The way was paved for the security industry to take off in 2010, when the first administrative regulation of security services was published. The new regulations allowed security service companies to provide bodyguard service, which marked the legalization of private bodyguards in China.

4000 security service companies now operate in China, 1300 more than in 2009. The companies employ around 4.2 million, more than two times the number in 2009.

The security industry grosses around US$6.6 billion, more than 5 times the $1.2 billion it realized in 2009, according to the Beijing-based Economic Observer.

The attack in September on Zong Qinghou, the chairman and CEO of the Hangzhou Wahaha Group and ranked by Forbes as China’s richest man, has focused attention on the conflicts between the rich and poor in society. After Zong refused an impoverished man’s request for a job, the man attacked Zong with a knife, slicing the tendons in four fingers.

“The rich people are very wealthy, and the poor people are very poor in China,” said Chen Yongqing, chairman of Genghis Security Academy based in Beijing, according to China Press, a Chinese-language newspaper in Malaysia. “There’s a big gap between the rich and poor, and the resentment is accumulating. Thus, the rich people need protection.”

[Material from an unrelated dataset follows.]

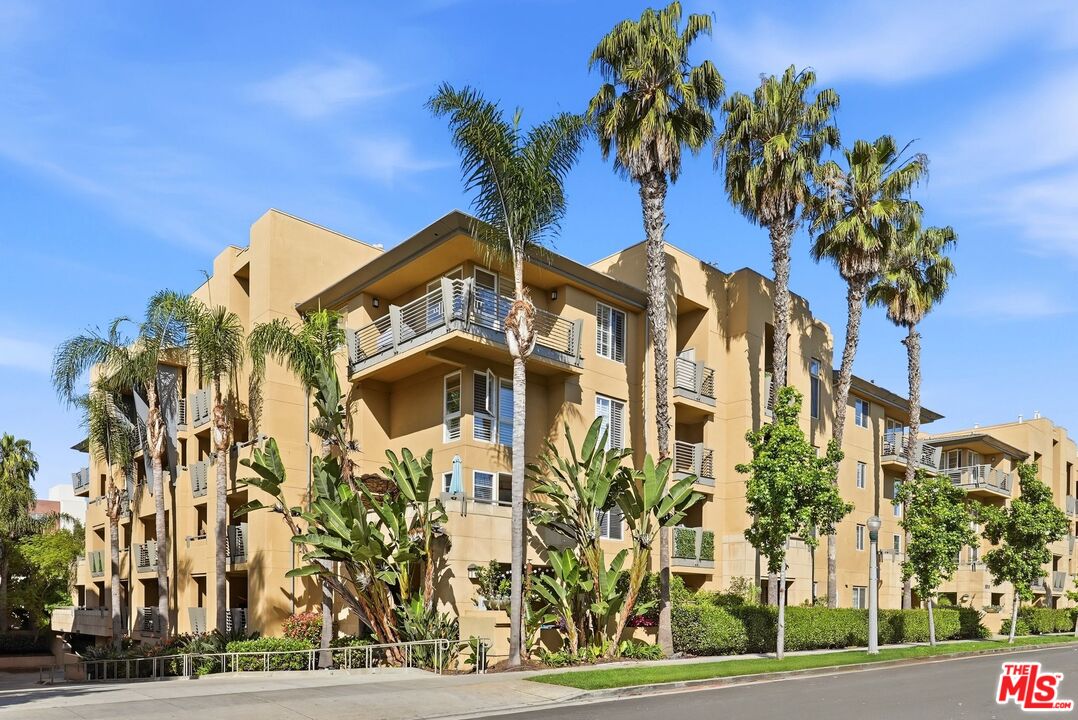 5831 Seawalk Dr Unit: 216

According to Beijing News, a Chinese millionaire who gives his name as Mr. Dong said a friend of his, also a rich businessman, was recently kidnapped and killed. Mr. Dong himself has received several anonymous calls seeking to extort money from him.

His friend’s murder caused Mr. Dong to decide to hire 20 bodyguards to take care of him and his family. Besides offering security, the bodyguards are also responsible for taking care of his children, the report says.

Preventing kidnapping and murder and taking care of the kids are not the only reasons for hiring a bodyguard. Chen of Genghis Security Academy said some of his wealthy businessman clients hire bodyguards as a symbol of success.

Bodyguards are well paid in China, and the industry is growing fast, according to the Beijing News. Every bodyguard at the Genghis Security Academy has income of more than US$82,000 a year (according to China Daily, the average urban income in China in 2012 was US$3,912).

The company expects to gross 100 million yuan (US$16.5 million) a year within the next five years and is seeking to have its stock listed on an exchange.

People who become bodyguards are mainly retired special forces, retired armed police, retired athletes, and security guards.

“We provide a great platform for thousands of retired soldiers every year,” Chen said, “It is a big waste of talent if we let those people work as security guards for 2000 yuan (US$329) a month.”

Executives of the security companies in China believe the future prospects for the bodyguard industry are very promising. Pan Xianjin, the founder of the security service company China Kingdom International, said demand is outstripping supply in the security service industry, according to the New York Times

In a recent essay, Chinese human rights activist Wei Jingsheng wrote that there are several reasons causing the boom in the bodyguard industry in China—including social inequities, a large wealth gap, the Communist Party and political power being above the law, a lack of fairness and justice, and the loss of legal authority. 

Wei wrote that without fairness and justice, more and more people will seek illegal methods to solve problems in business and resort to taking revenge.

“The government needs to hire millions of soldiers and police for protection, and the bureaucrats and wealthy also need to hire bodyguards for protection,” Wei wrote, “Such a society is on the edge of collapse. It shows the beginning of social turmoil.”